第三章 最初の依頼と、セサミンの不思議
依頼を選ぶのに、透は思ったより時間をかけた。
ギルドの掲示板には十数枚の羊皮紙が貼られていて、ランクごとに色分けされている。Bランクの透が受けられる依頼はかなり幅広いが、初回はあえて一番地味なものを選んだ。
【依頼】街道沿いの薬草採集
依頼者:アルヴィス薬師ギルド
場所:北街道から東に入った草原地帯
内容:青ミント草、夜露草、赤根を各10束
報酬:銀貨3枚
備考:魔物の目撃情報あり(弱種)
「これにします」と透が言うと、受付の職員が少し意外そうな顔をした。
「Bランクの方が薬草採集を?」
「最初だから、様子を見たくて」
「……そうですか。では東門を出て、街道を二十分ほど進んだところに草原があります。魔物はスライム系が数体確認されていますので、お気をつけて」
透は礼を言って外に出た。セサミンが肩の上で依頼書を覗き込んでいた。
「まほう、つかわないの?」
「今日は使わないつもり」
「なんで」
「力の加減がわからないから」透は正直に答えた。「昨日も魔法を少し試したら、思ったより大きな炎が出た。強い力があるのはわかったけど、それをどう扱うかはまだ全然わかってない」
セサミンはしばらく考えた。「ゆっくり、おぼえる?」
「そう。焦ってもいいことない」
「セサミンも、おなじ」とセサミンが言った。
「何が?」
「セサミンも、ちからがある。でも、わからない。どこにあるか、わからない」
透は歩きながら横目でセサミンを見た。孵化して二日目のドラゴンが言うには、妙に核心をついた言葉だ。
「そうか。じゃあ一緒に学ぼう」
「うん」とセサミンは言って、透の首にしっぽをぐるりと巻いた。
北街道は朝の光の中で気持ちよく続いていた。荷馬車が時折通り過ぎ、農村に向かう人々が歩いている。透は急がず、周囲を観察しながら進んだ。

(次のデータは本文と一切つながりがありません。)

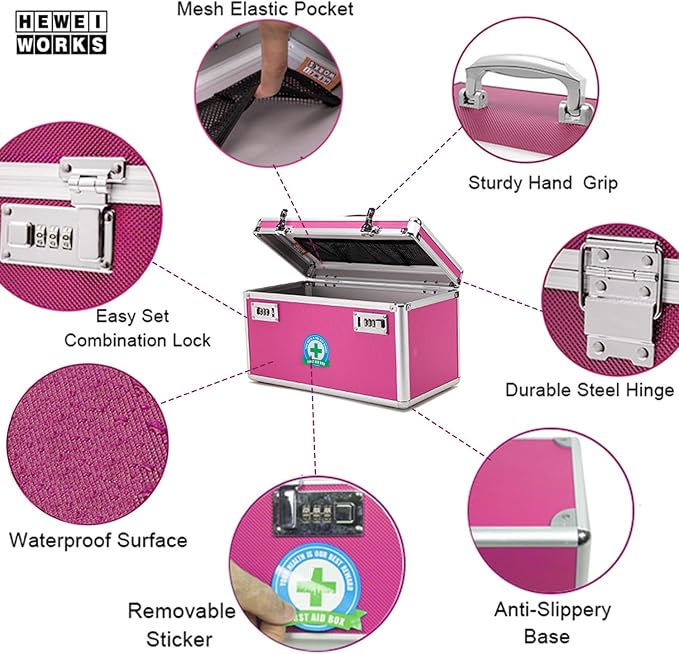 Lockable Medication Box with Portable Storage Case, 14.2''x 7.2''x 8.2'', Childproof Medicine Lock Organizer, Locking Box for Secure Cash, Jewelry, ID Documents (Pink/Large)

道端の草木がゲームのグラフィックよりずっと複雑だということに気づいた。同じ種類に見える草でも、葉の形が微妙に違う。光の当たり方で色が変わる。踏んだ土の感触が場所によって異なる。
当たり前のことだが、ゲームでは感じられなかった「厚み」がある。
「トオル、あれ」
セサミンが前方を指した。街道から外れた草むらの中、青みがかった草が群生している場所があった。青ミント草だ。特徴的な葉の形はゲームの図鑑通りで、近づくと清涼感のある香りがした。本物だ、とまた思う。
「よく見つけたな」
「においが、した」とセサミンは得意そうに言った。「つよいにおい」
「鼻がいいんだな」
「うん。セサミンの鼻は、すごい」
謙遜という概念をまだ知らないらしい。透は苦笑しながら、腰に下げていた採集袋を出して、丁寧に青ミント草を摘み始めた。根は傷つけないよう残す。再生長のためだ。この知識はゲームから来ているが、植物の扱いとして実際にも正しいはずだと判断した。
「トオル」
「うん?」
「むこう、なにか、いる」
透は手を止めた。魔力視で草むらの向こうを見ると、薄い緑色の光の塊が三つ動いている。スライムだ。ゲームでは最弱の部類の魔物で、攻撃力も低く動きも遅い。だが実物を目にするのは初めてで、少し緊張した。
「大丈夫。弱い魔物だから」
「セサミンが、やっつける?」
「いや、私がやる」透は立ち上がった。「見ててくれ」
魔法を使わずに、ということは——透は腰に差した短剣に手をかけた。戦闘向きではないが、採集用の護身武器として購入していたものだ。
スライムが草むらからゆっくりと滲み出てきた。ゲームで見たものよりも半透明で、内側に小さな核が光っている。大きさはバケツ程度。動きは予想通り遅かった。
透は一体目に向かって踏み込み、核を狙って短剣を突き入れた。ゲームのように数値は出なかったが、手応えはあった。スライムが揺れて、溶けるように地面に広がって消えた。
二体目は横から滑ってきたので、ステップで避けて同じように核を刺す。消えた。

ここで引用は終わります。